Clochan, Cill Mhic An Domhnaigh, Co. Kerry
Co. Kerry |
Settlement Sites
On the lower south-eastern slopes of Mount Eagle, overlooking Ventry Harbour and Dingle Bay, there is a scatter of stones in rough pastureland that was once a small but remarkably dense settlement.
Known as Cathair na Maoilinne, the site is a cathair, a stone-walled enclosure of the kind common across the Dingle Peninsula, but what made it unusual was what lay inside: thirteen tiny chambers, or clochans, the corbelled dry-stone cells associated with early medieval monastic and pastoral life in Ireland. These were not generous spaces. The largest measured no more than 2.66 metres across, and the smallest just 1.29 metres in diameter, barely enough for a person to lie down. Some were circular, some oval, some rectangular, and some D-shaped; two pairs were built conjoined, sharing a wall between them.

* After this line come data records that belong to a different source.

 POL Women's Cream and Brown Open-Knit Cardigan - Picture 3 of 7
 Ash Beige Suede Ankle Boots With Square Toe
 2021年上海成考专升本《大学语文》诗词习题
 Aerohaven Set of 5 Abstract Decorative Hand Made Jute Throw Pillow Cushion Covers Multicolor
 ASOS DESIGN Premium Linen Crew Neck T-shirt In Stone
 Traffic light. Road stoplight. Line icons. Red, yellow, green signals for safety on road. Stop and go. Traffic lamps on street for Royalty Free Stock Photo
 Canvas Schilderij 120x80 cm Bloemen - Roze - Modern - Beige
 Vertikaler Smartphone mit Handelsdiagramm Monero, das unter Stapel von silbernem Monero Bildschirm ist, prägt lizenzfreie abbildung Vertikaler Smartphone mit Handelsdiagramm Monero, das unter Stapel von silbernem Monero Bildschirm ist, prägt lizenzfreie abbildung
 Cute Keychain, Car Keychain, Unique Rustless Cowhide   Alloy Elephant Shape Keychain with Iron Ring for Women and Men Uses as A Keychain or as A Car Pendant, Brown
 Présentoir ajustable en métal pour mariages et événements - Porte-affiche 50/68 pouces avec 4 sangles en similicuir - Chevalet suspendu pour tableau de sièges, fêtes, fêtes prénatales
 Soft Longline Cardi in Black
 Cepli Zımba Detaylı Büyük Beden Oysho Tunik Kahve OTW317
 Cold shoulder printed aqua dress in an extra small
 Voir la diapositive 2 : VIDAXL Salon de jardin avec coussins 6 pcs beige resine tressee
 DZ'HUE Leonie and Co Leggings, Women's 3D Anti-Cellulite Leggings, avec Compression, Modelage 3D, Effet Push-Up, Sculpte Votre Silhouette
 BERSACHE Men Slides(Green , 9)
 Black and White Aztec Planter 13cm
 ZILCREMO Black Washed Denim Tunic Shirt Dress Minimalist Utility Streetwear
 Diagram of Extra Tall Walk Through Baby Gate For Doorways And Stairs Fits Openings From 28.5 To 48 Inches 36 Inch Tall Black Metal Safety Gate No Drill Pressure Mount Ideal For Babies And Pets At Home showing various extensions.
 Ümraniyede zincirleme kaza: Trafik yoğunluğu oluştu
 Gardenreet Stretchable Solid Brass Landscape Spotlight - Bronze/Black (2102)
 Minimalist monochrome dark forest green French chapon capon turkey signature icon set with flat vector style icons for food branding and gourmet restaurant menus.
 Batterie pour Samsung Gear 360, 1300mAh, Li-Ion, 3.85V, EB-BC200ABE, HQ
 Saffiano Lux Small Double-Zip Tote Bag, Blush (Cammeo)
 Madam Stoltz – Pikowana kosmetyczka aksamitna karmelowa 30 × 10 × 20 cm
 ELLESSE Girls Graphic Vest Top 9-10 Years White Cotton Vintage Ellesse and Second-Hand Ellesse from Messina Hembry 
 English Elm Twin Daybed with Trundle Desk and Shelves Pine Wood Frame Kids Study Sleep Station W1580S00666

When the antiquarian R. A. S. Macalister recorded the site in 1899, the enclosure still read clearly as a large oval of stone walling, roughly 62 metres by 43 metres, with the chambers distributed within it and a rock shelter and possible further clochan lying about 14 metres to the south. That rock shelter, a natural hollow partly shaped by a ruined wall and partly by outcropping stone, measured 4 metres by 2 metres internally, and a short stub of walling nearby may mark the northern side of yet another small cell. The 1986 Dingle Peninsula archaeological survey by J. Cuppage documented the site in detail, but by then decay had already advanced considerably. What survives today is an ill-defined spread of ground roughly 40 metres across, with only a faint bank of earth and stone on its southern edge, a low scarp to the north, and three mounds of collapsed masonry in the north-western quadrant where the chambers once stood. The rock shelter to the south remains the most legible feature on the ground.